Aim: To examine the accuracy of current methods of diagnosing mild hypertension, and to explore ways to improving targeting of antihypertensive treatment without entailing lengthy observation.
Design: Re-analysis of published data.
Methods: We tested current diagnostic methods using the data for 3965 individuals who were followed for a year in the placebo arm of the MRC Mild Hypertension Trial. We calculated the proportion selected for treatment by current methods and the diagnostic accuracy, using average blood pressure beyond 6 months as representing ‘true’ long-term blood pressure. We examined the benefit of averaging blood pressures, of prolonging observation modestly and of estimating within-person blood pressure variability.
Results: Prolonging observation to 3 months selects a smaller (by about 12%) proportion of the sample for treatment, a proportion similar to that defined as ‘truly’ hypertensive.

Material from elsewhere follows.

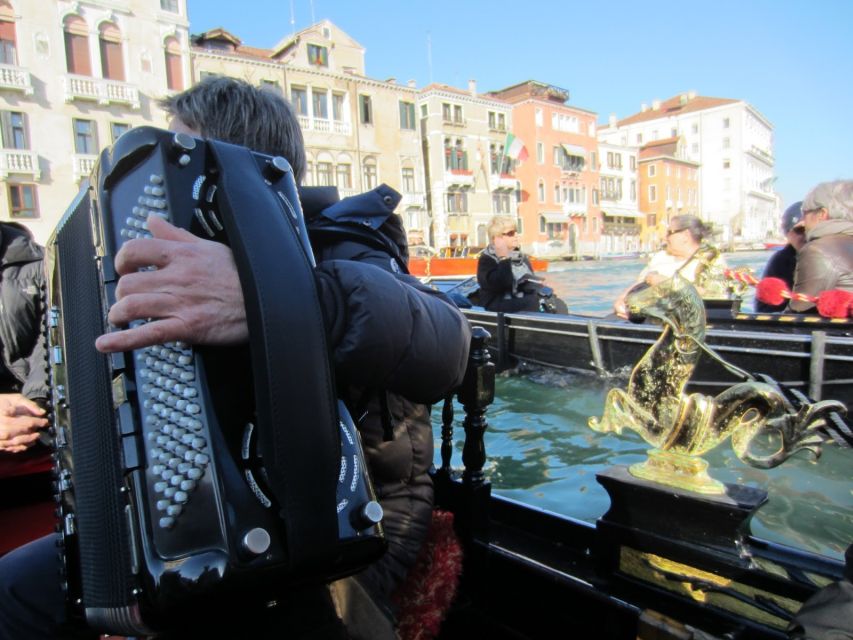 Venice: 30-Minute Gondola Ride on Grand Canal with Serenade - Teatro La Fenice: Opera Energy, Float-By Style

The diagnostic accuracy of current methods is poor, with up to 69% discrepancy in classification. This discrepancy was improved by up to 18% in absolute terms by prolonging observation to 3 months and using average blood pressures. Identifying those individuals with low within-person variability allows marked improvement in the prediction of ‘true’ hypertension.
Discussion: Although some inaccuracy in the diagnosis of hypertension is inevitable, observation for 3 months, averaging blood pressures and estimating within-person blood pressure variability can markedly improve upon current practice.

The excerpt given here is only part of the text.